Managed Inference
Set up and interact with CosmicAC inference services for chat completions. Use these commands to configure your API credentials, select a model, and send prompts directly from the terminal.
Command
cosmicac inference <subcommand> [options]Subcommands
| Subcommand | Description |
|---|---|
| init | Set up API key and default model. |
| list-models | Display all available models. |
| chat | Send chat completion requests. |
inference init
Sets up your API key and default model for inference operations with an interactive setup.
Usage
cosmicac inference initExample
$ cosmicac inference init
? Select protocol: (Use arrow keys)
❯ HTTP (default)
HRPC (P2P)
? Enter your API key: ttr-proj-xxxxxxxxxxxx
Validating API key...
Project ID: proj_abc123
Key prefix: ttr-proj-xxx
? Select default model:
❯ TinyLlama/TinyLlama-1.1B-Chat-v1.0
meta-llama/Llama-2-7b-chat
API key and default model saved successfully.inference list-models
Displays all available models for inference operations.
Usage
cosmicac inference list-modelsExample
$ cosmicac inference list-models
Available models:
──────────────────────────────────────────────────
- TinyLlama/TinyLlama-1.1B-Chat-v1.0
ID: TinyLlama/TinyLlama-1.1B-Chat-v1.0 (default)

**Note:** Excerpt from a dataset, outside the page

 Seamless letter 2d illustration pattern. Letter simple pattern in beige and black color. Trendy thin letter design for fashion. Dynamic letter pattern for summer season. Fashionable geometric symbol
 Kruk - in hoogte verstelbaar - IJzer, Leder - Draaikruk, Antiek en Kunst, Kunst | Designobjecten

Context length: 2,048 tokens
──────────────────────────────────────────────────
Total models: 1
Default model: TinyLlama/TinyLlama-1.1B-Chat-v1.0Note: You must run cosmicac inference init first, to set up your API key.
inference chat
Send chat completion requests to the configured inference endpoint.
Usage
cosmicac inference chat [options]Options
| Option | Description |
|---|---|
--message | Message to send (required in non-interactive mode). |
--model | Model to use (optional if default is set). |
--api-key | API key for authentication. |
--max-tokens | Maximum tokens to generate (default: 1000). |
--temperature | Temperature for sampling (default: 1.0). |
--stream | Enable streaming response (default: false). |
--interactive | Enable interactive chat mode (default: false) |
Examples
# Basic chat completion
$ cosmicac inference chat --message "Explain quantum computing"

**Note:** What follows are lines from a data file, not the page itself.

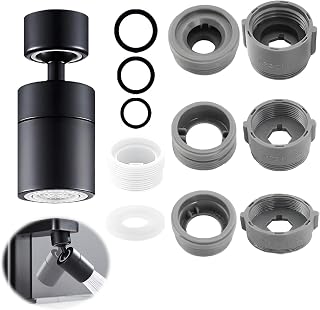 Grifo giratorio 80 °, regulador de chorro giratorio para cocina y baño, extensión de grifo con 2 tipos de chorro y 11 adaptadores, ahorro de agua para rosca M20/M22/M24, color negro
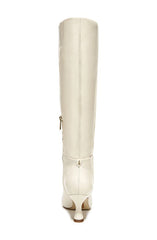 Sam Edelman Leigh 3 Ivory Leather Pointed Toe Spooled Heel Knee High Boots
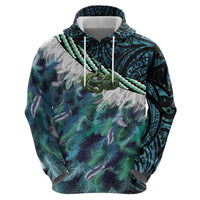 Turquoise Traditional Cloak Aotearoa Zip Hoodie Maori Paua Shell Korowai Pattern LT14 - Polynesian Pride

# Interactive chat mode with streaming
$ cosmicac inference chat --interactive --stream
# Chat with streaming response
$ cosmicac inference chat --message "Say Hello" --stream
# Chat with specific model and parameters
$ cosmicac inference chat --message "Write a Python function" --model "TinyLlama/TinyLlama-1.1B-Chat-v1.0" --max-tokens 500 --temperature 0.7
# Using API key from the command line
$ cosmicac inference chat --api-key "ttr-proj-xxxx" --message "Hello"API Key Resolution
The API key is resolved in the following order:
--api-keyflagCOSMICAC_API_KEYenvironment variable- Stored key from
inference initcommand
Model Resolution
--modelflag- Default model from
inference initcommand
Note: If no model is provided and no default is set, you will be prompted to run cosmicac inference init.